Here, even when reviewed in a light most favorable to the plaintiff, the complaint is comprised of factual allegations that are not credible, and which fail to state a claim for relief. See Neal v. Duke Energy, No. 6:11-cv-1420-HFF-KFM, 2011 WL 5083181, at *4 (D.S.C. June 30, 2011), Report and Recommendation adopted by 2011 WL 5082193 (D.S.C. Oct. 26, 2011) (dismissing action upon finding plaintiff's factual allegations were frivolous, fanciful, and delusional where plaintiff claimed defendants clandestinely placed a GPS device in her car while it was in the shop for repairs and that she was being stalked by the defendants, noting the allegations were “made without any viable factual supporting allegations and appears to be the product of paranoid fantasy”); Feurtado v.
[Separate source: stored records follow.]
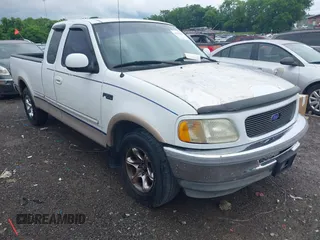 1997 Ford F-150 XL z VIN 1FTEX17L1VNB15658, wystawiony jako IAAI lot #42353422 z przebiegiem 217 975 mil mil oraz . Historia ofert i sprzedaży dostępna na DreamBid. Obrazek 1.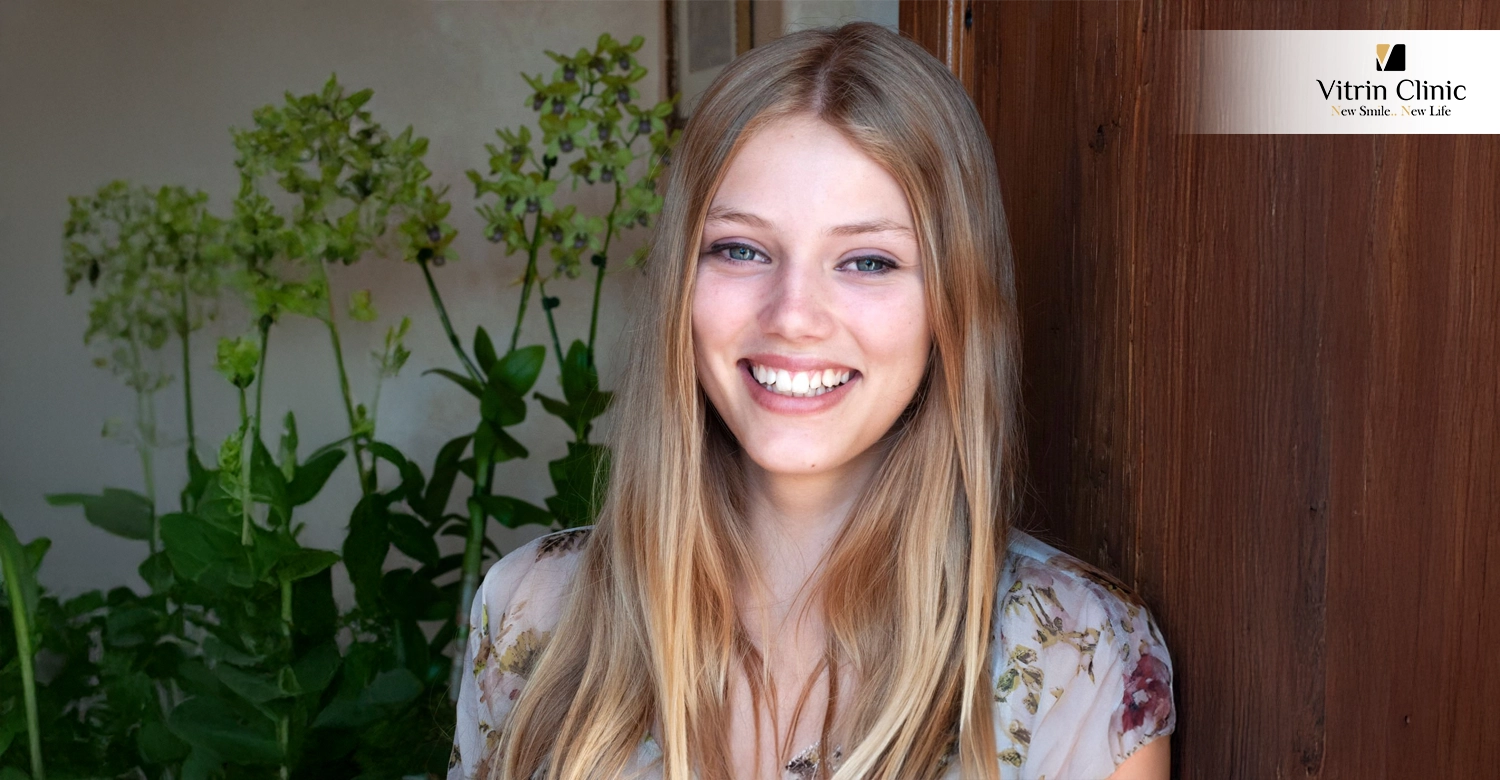 Grace Van Dien Smile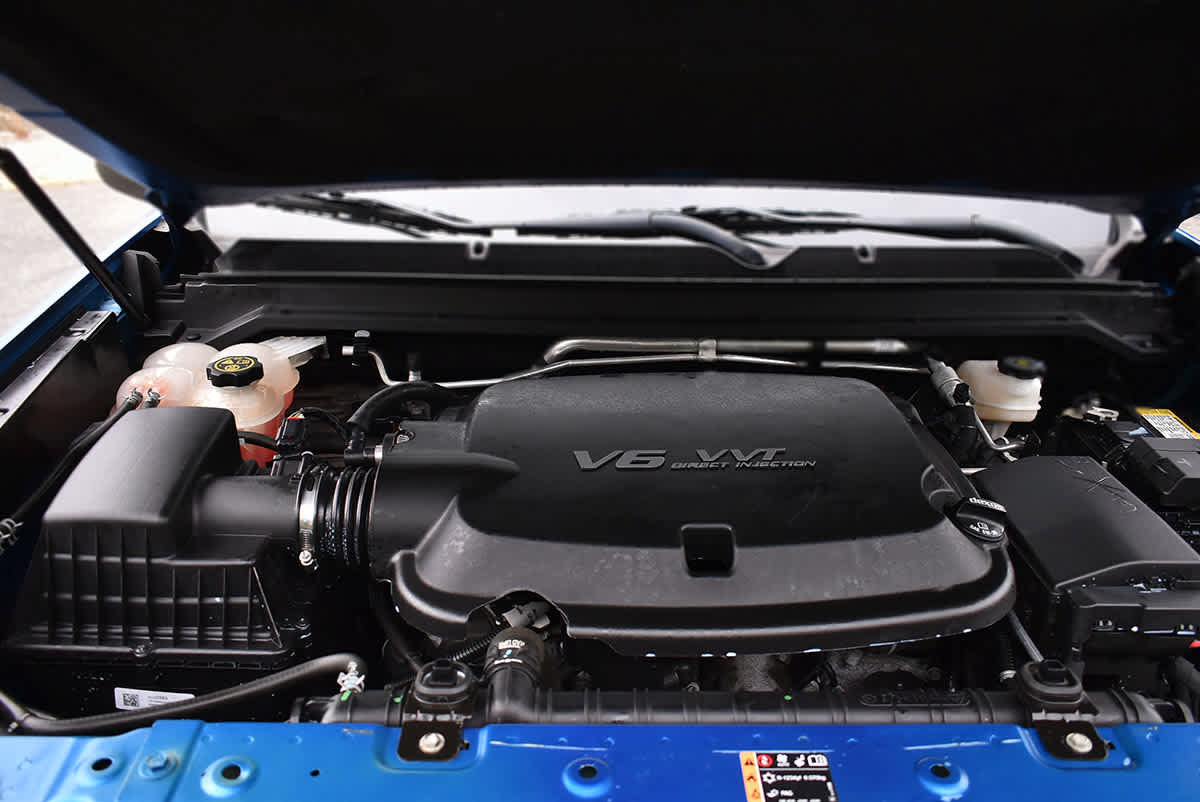 Used 2022 Chevrolet Colorado Z71 AWD/4WD image 25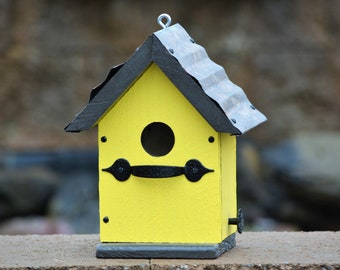 Small Rustic Birdhouse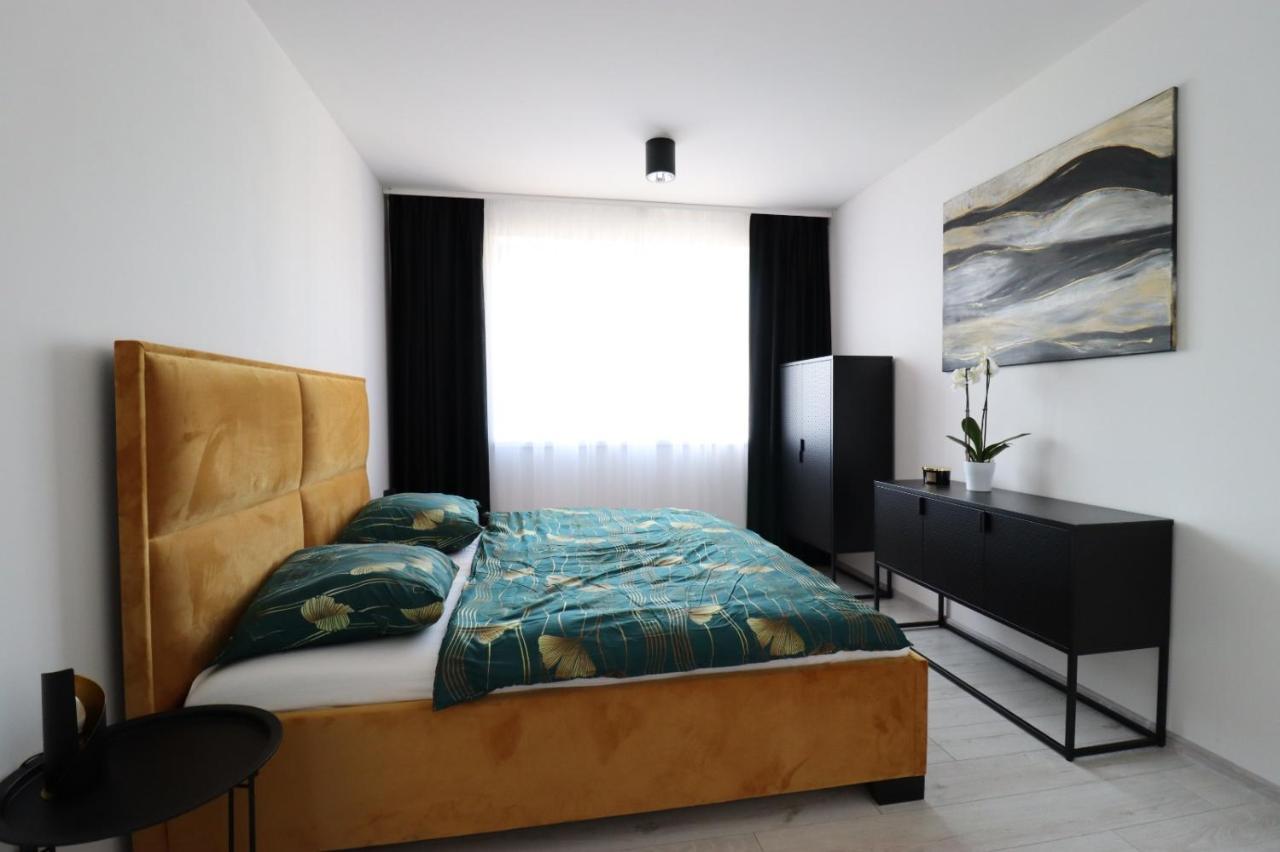 Mbv28 Apartments Poprad Extérieur photo
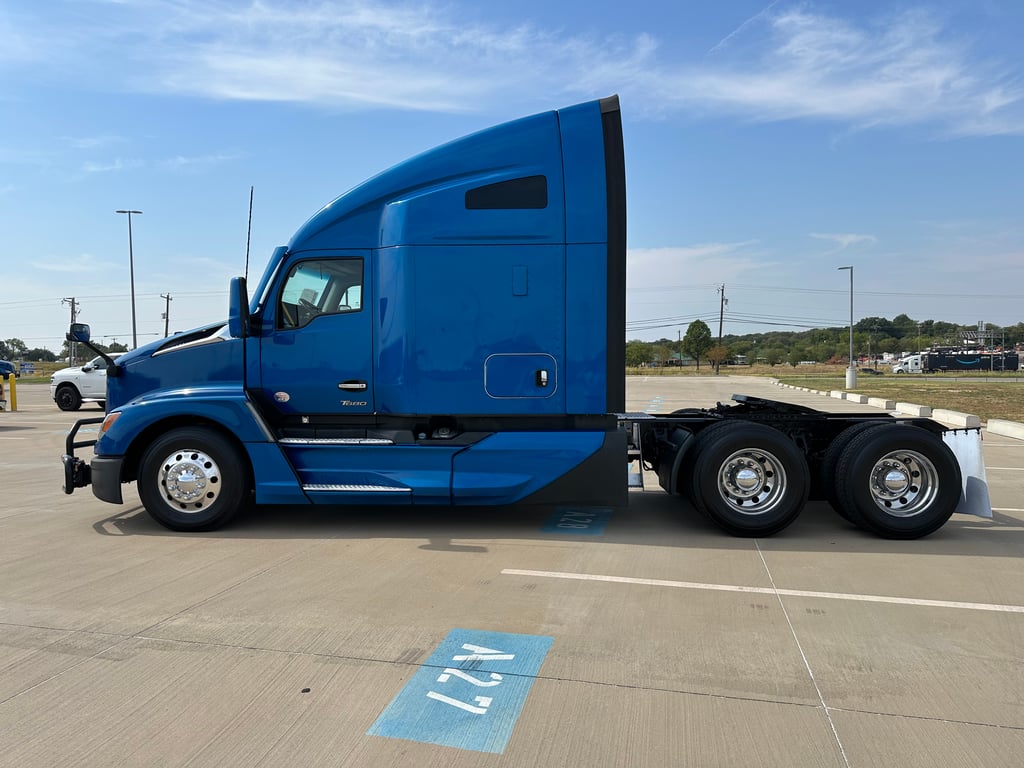 2023 Kenworth T680 in Fort Worth, TX — photo 6
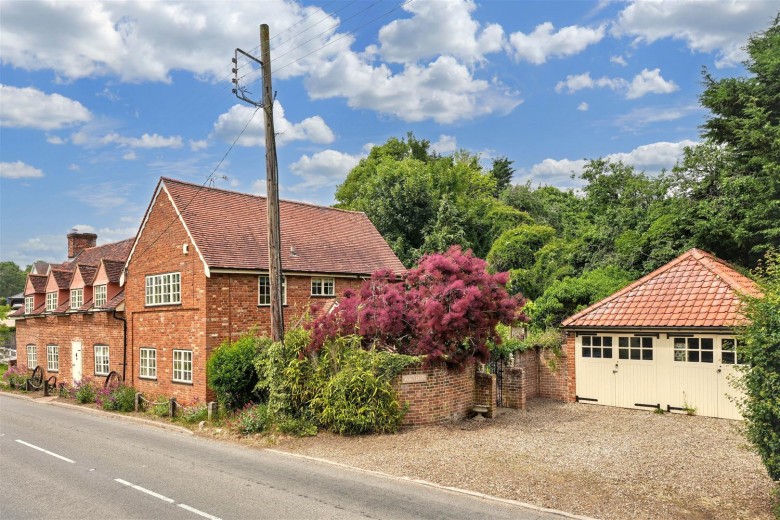 Click the photo for more details of Moor End, Great Sampford, Saffron Walden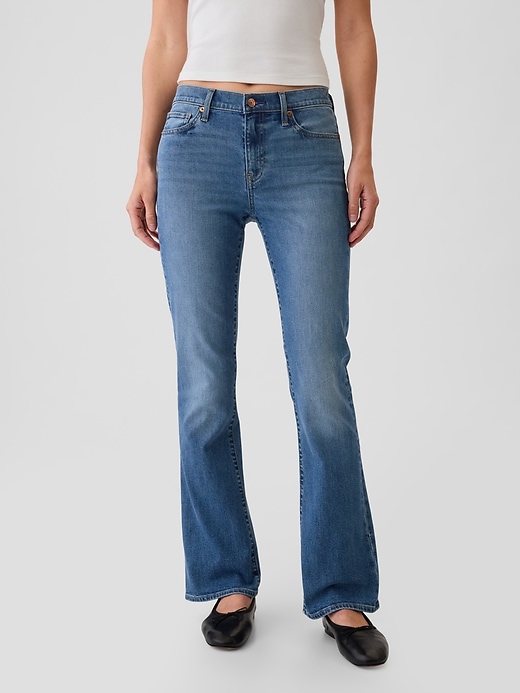 L'image numéro 2 présente Jean mini-évasé à taille basse moyenne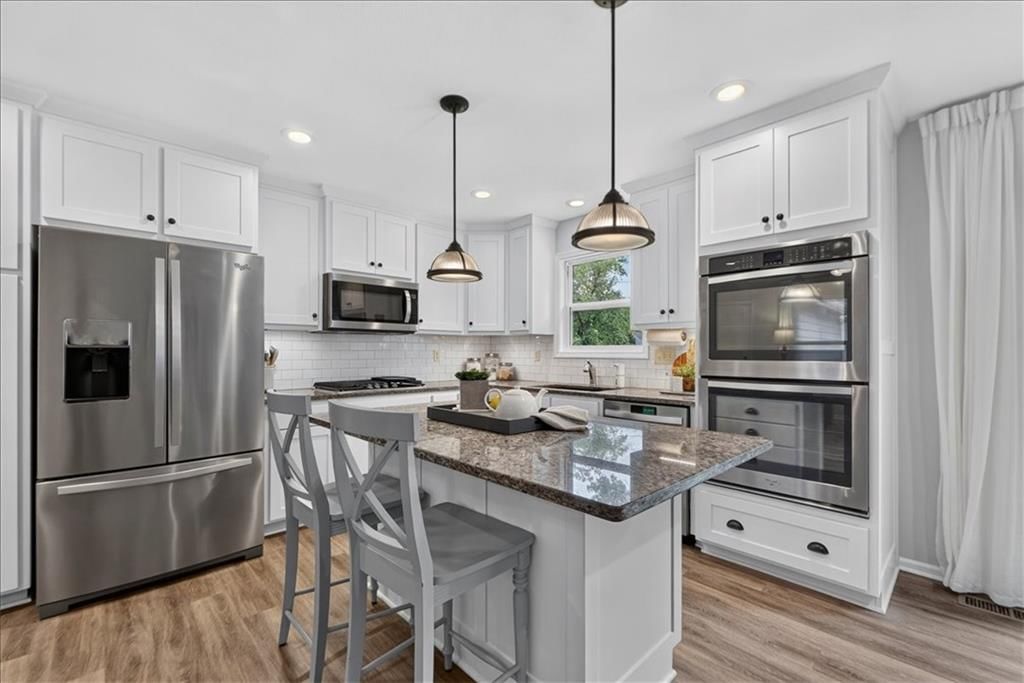 301 S Elm Street — photo 8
McNair, C/A No. 3:05-cv-1933-SB, 2006 WL 1663792, at *2 (D.S.C. Jun. 15, 2006) (noting that frivolousness encompasses inarguable legal conclusions and fanciful factual allegations), aff'd, 227 Fed.Appx. 303 (4th Cir. 2007), petition for cert. dismissed, 553 U.S. 1029 (2008). For example, the plaintiff's vague and conclusory allegations that her rights were violated because she was removed from the defendants' properties, as well as because she has not been paid royalties for songs she wrote for the past twenty-six years are legally and factually frivolous. Raiford v. FBI, C/A No. 1:10-cv-2751-MBS-JRM, 2010 WL 6737887, at *3 (D.S.C. Nov. 17, 2010), Report and Recommendation adopted by 2011 WL 2020729 (D.S.C. May 23, 2011) (explaining a finding of factual frivolousness is appropriate when “the facts alleged rise to the level of the irrational or the wholly incredible”). Indeed, it is unclear from the plaintiff's vague and conclusory allegations how the named defendants were involved in her removal from unspecified “property” or how they are responsible for the alleged unpaid song royalties. To quote Mick Jagger and Keith Richards, “You can't always get what you want.” As such, the plaintiff's complaint is subject to summary dismissal as frivolous.
RECOMMENDATION
The undersigned is of the opinion that the plaintiff cannot cure the defects identified above by amending her complaint. Therefore, the undersigned recommends that the district court dismiss this action without prejudice, without leave to amend, and without issuance and service of process. See Britt v. DeJoy, 45 F.4th 790, 2022 WL 3590436 (4th Cir. Aug. 17, 2022) (mem.) (published) (noting that “when a district court dismisses a complaint or all claims without providing leave to amend . . . the order dismissing the complaint is final and appealable”). It is further recommended that the United States District Judge assigned to this case warn the plaintiff regarding the entry of sanctions (including prefiling restrictions) in the future should the plaintiff continue to file such cases in this court. The attention of the parties is directed to the important notice on the next page.
IT IS SO RECOMMENDED.
Notice of Right to File Objections to Report and Recommendation
The parties are advised that they may file specific written objections to this Report and Recommendation with the District Judge. Objections must specifically identify the portions of the Report and Recommendation to which objections are made and the basis for such objections. “[I]n the absence of a timely filed objection, a district court need not conduct a de novo review, but instead must ‘only satisfy itself that there is no clear error on the face of the record in order to accept the recommendation.'” Diamond v. Colonial Life & Acc. Ins. Co., 416 F.3d 310 (4th Cir. 2005) (quoting Fed.R.Civ.P. 72 advisory committee's note).
Specific written objections must be filed within fourteen (14) days of the date of service of this Report and Recommendation. 28 U.S.C. § 636(b)(1); Fed.R.Civ.P. 72(b); see Fed.R.Civ.P. 6(a), (d). Filing by mail pursuant to Federal Rule of Civil Procedure 5 may be accomplished by mailing objections to:
Robin L. Blume, Clerk United States District Court 250 East North Street, Room 2300 Greenville, South Carolina 29601
Failure to timely file specific written objections to this Report and Recommendation will result in waiver of the right to appeal from a judgment of the District Court based upon such Recommendation. 28 U.S.C. § 636(b)(1); Thomas v. Arn, 474 U.S. 140 (1985); Wright v. Collins, 766 F.2d 841 (4th Cir. 1985); United States v. Schronce, 727 F.2d 91 (4th Cir. 1984).